To Have or Have Not

TLDR

Just like SQL< Trilogy has two filtering options; where and having. However, they serve a different purpose - the where clause is applied before any aggregations and can include any field, including those not selected on; the having clause is applied to an output projection and can only include fields in the output. But it wasn't always this way - this blog is about how we got there.

The Having Clause

Trilogy originally dropped the having clause entirely. This was in the service of simplicity; since a query would have a where clause that operated on the output projection, all values would be available for filtering and the where/having distinction was unneeded.
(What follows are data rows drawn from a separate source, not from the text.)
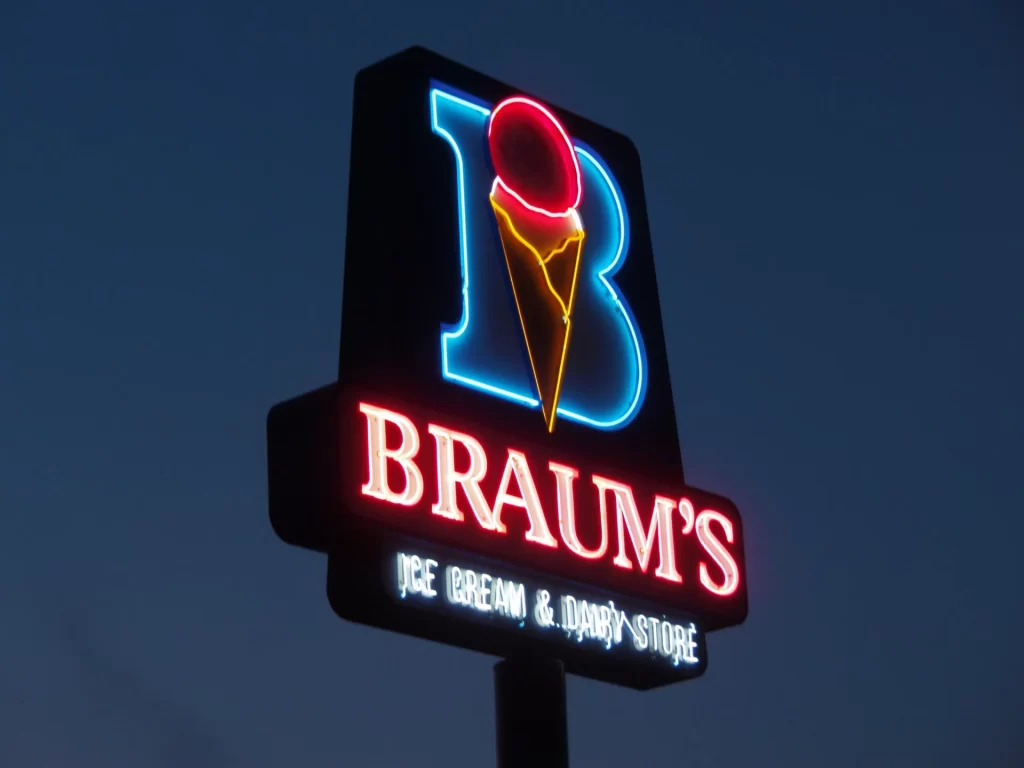 BRAUM'S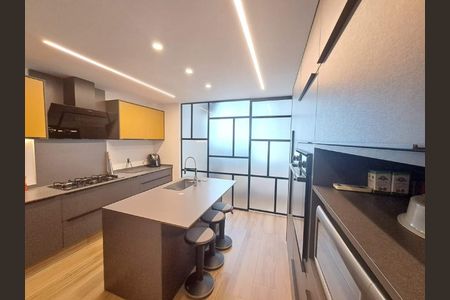 Apartamento à venda com 165m², 3 quartos e 1 vaga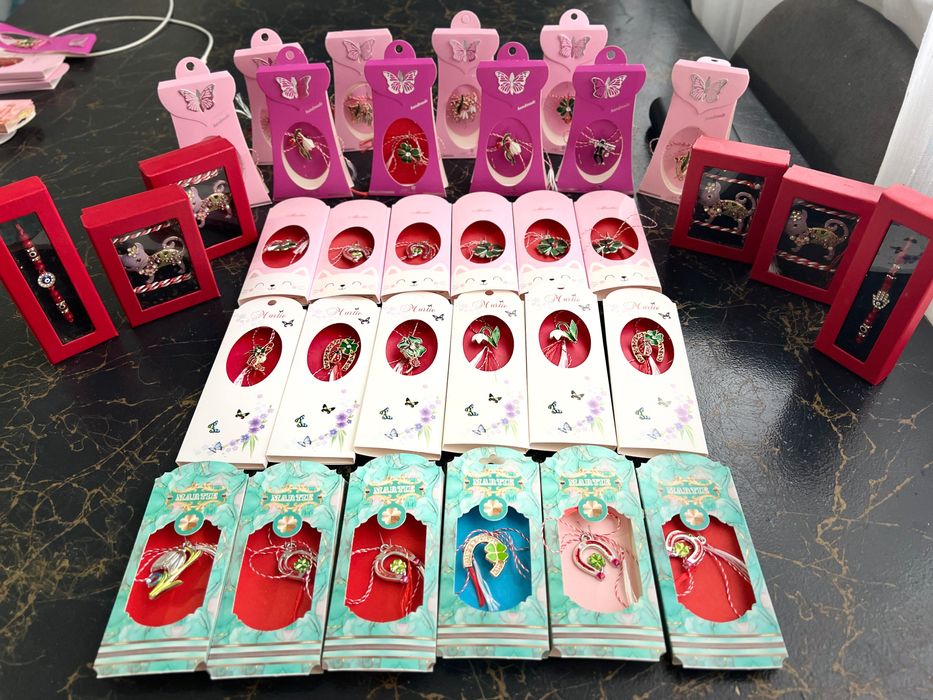 Mărțișoare diferite modele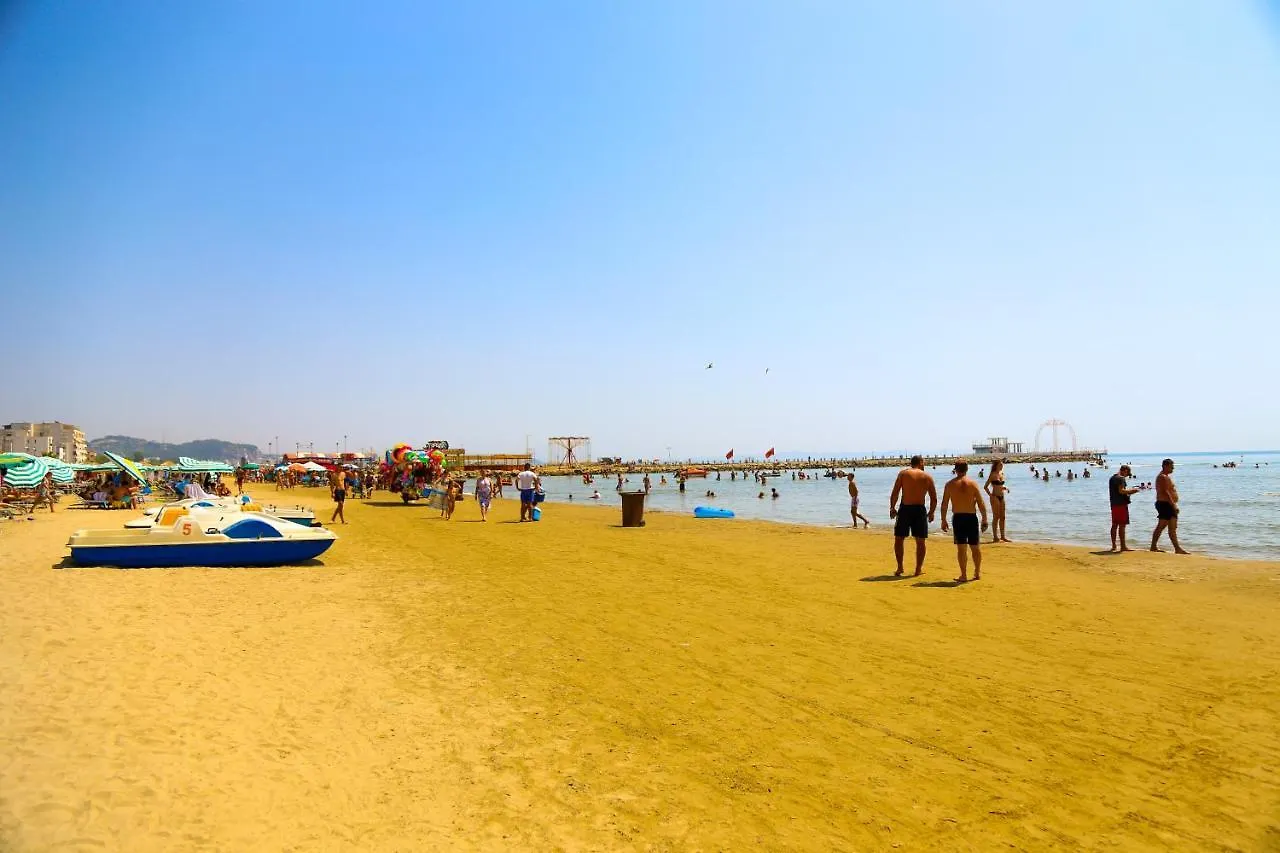 Perandor Beach Hotel Durrës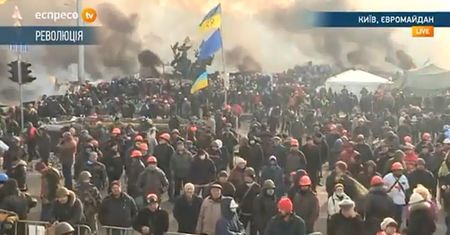 Zamieszki na Ukrainie. Groźba wojny domowej chwilowo zażegnana. Merkel "w ścisłym kontakcie" z Putinem, a NATO...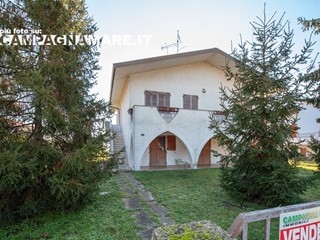 Casa Indipendente in Vendita a Lagosanto, 120'000€, 110 m²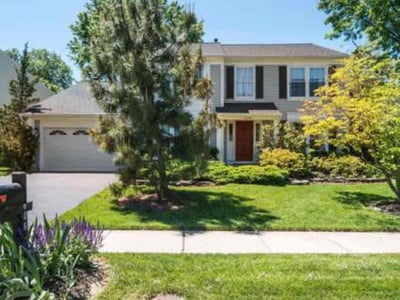 Lawn care service in Herndon, 20170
However, performance and authoring simplicity started to challenge that assumption. We've brought back the having clause, with a new purpose.

Implicit Where

The restrict to filtering on the output projection only made some authoring statements quite tedious. Since there was no implicit 'table' in the from clause, it was no longer possible to straightforwardly filter on a value that you didn't need to output.

While this could be worked around with hidden fields, it didn't feel great to write - it's tedious and requires you to write a field twice for no reason.

SELECT
    name,
    --age,
WHERE
    age>30
;

Implicit where projection was our attempt to solve for this. For the above query, we could infer that age was referenced as a filter, so that we need a first projection with name + age to apply the filter to. We could then optionally group/restrict our values down to return the original projection set.

Now we can write:

SELECT
    name,
WHERE
    age>30
;

That's better! We no longer have a redundant declaration.

The Aggregate Issue

However, aggregates present a problem. Imagine the following query:


SELECT
    age,
    count(person.id) ->person_count
WHERE
    state in ('vt', 'ma')
;

Does the user mean?

SELECT
    age,
    --state,
    count(person.id) ->person_count
WHERE
    state in ('vt', 'ma')
;

Likely not. They'll have duplicate rows for each state. To get the reduced set, the user would need to first define a CTE.

WITH restricted as SELECT
    age,
    state,
    person.id
WHERE
    state  in ('vt', 'ma');

SELECT
    restricted.age,
    count(restricted.id) ->person_count ;

This starts to defeat the purpose of the implicit where. If every aggregate forces you to define a CTE first, authoring feels slow and disjointed and aggregates are once more "special". You have to rewrite your entire query for a relatively simple conceptual change.

Can we fix it?

Select Context

Aggregates already respond to the query context they exist in, such as being assigned a grain of the other dimensions. We can extend this to include the conditions as well.

If what the user really means is this:

SELECT
    age ? state in ('vt', 'ma'),
    count(person.id ? state in ('vt', 'ma')) ->person_count

Then we can evaluate that automatically from a global where clause.

So now we get the right output for a condition that is not referenced in the select:

select
    age,
    count(person.id) -> person_count,
where 
    state in ('vt', 'ma')
;

which could preferably be written (and should be in Trilogy) with the where first:

WHERE
    state in ('vt', 'ma')
SELECT
    age,
    count(person.id) -> person_count,
;

But what if the query is instead this?

WHERE
    state in ('vt', 'ma')
    and
    person_count>10
SELECT
    age,
    count(person.id) -> person_count,

We can't push the condition clause into the aggregate definition because it's a circular dependency - the pushdown of the person_count would depend on the person_count itself!

Back to Having

To resolve this, we've reintroduced the having clause. It is restricted to filtering on the output of the select, and will not propagate context implicity up.

To promote a more natural reading order that matches operations, this is also why it's preferable for the where clause to come before the select.

Our final query might look like this:

-- the conceptual universe we're operating in
WHERE
    state in ('vt', 'ma')
-- define the projection
SELECT
    age,
    count(person.id) -> person_count,
-- and filter the results
HAVING
    person_count>10

Now we have a natural order - the where clause filters the space of records, the select clause defines the projection, and the having clause filters the output.

Future Steps

It's currently not strictly enforced on what conditions can be placed in each clause, as scalar values derived in the select can be safely pushed up if they don't have circular dependencies.

We may want to tighten this in the future, but for now we will error if an invalid condition is placed in the where clause.